Page by thirty years of reasonably workable life that have little to do with the present subject - my year in Zurich under the watchful eye of Carl Jung, later study with Toni Sussman in London, England, years of experience as a Jungian Analyst, settled roots in Southern California. These were good and stable things in my life, but two profoundly deep roots unfulfilled, followed me. Carl Jung settled one of them; he taught me the art of discrimination of levels and how to hear Fairy Tales on a LEVEL appropriate to them. Fairy tales ( and Grandmothers also) are powerful TRUTHS if one obeys the art of LEVELS to understand them. No one can negociate a modern life and avoid schizophrenia without the art of LEVELS firmly in place.
The remaining unlived stream of life, unexplainable but indelible, was India and its yoga and reincarnation and promises of realms far beyond present possibilities.. Parmahansa Yogananda had left me with a hunger for something that was totally impossible, a complete collision of realities. unfathomable but indelible. Later I read a quote from Dr. Jung who was asked to read THE AUTOBIOGRAPHY OF A YOGI by Parmahansa and he labeled it "Pure Coconut Oil". Well, yes it is; but I refuse to let loose of it's genius even so.

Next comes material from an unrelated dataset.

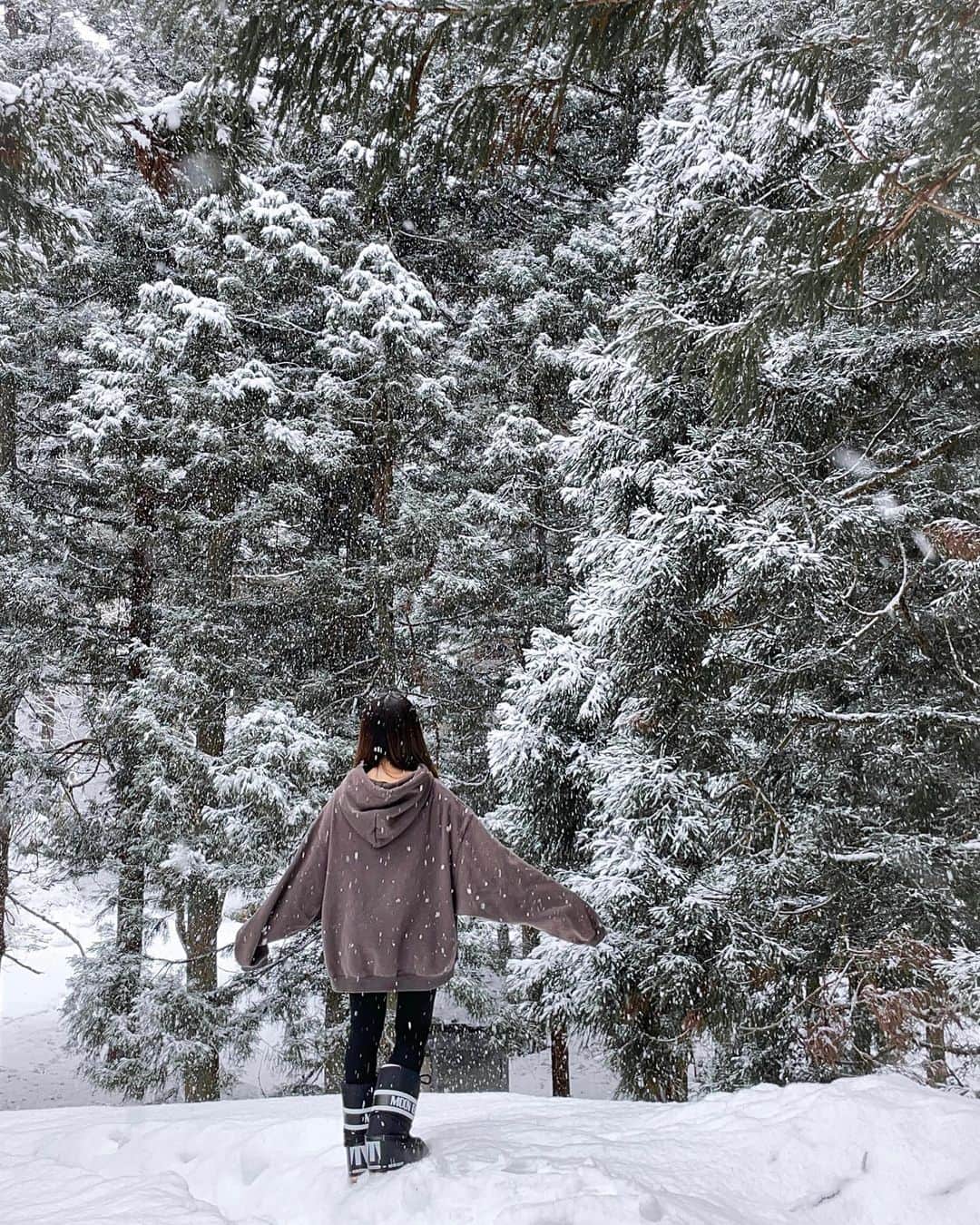 RIONのインスタグラム：「ジムにダウン忘れてきた。−2℃」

Time came for me to bring these two opposites into collision to see what I can do with these two manifestations of TRUTH. I went to India, not just once, but twenty times, a three month trip every winter for twenty years, to search out this collision in me! I have a workable solution now, but the paradox is still in me. How does one survive a collision of a direct crash between outer non-truth and inner longing that is so strong as to be vital? The answer, so far as I have accomplished it, lies again in the art of LEVELS.
I can best explain this by an event in my own life: A teacher asked twelve-year-old Peter Nelson in his class, "Is there anyone here who still believes in Santa Claus?""Yes", replied Peter; Teacher "You really believe in Santa Claus?" Peter, "Yes, --- inside." So Peter articulated the answer to an unanswerable dilemma: Yes, Santa exists, if you are sure of your levels.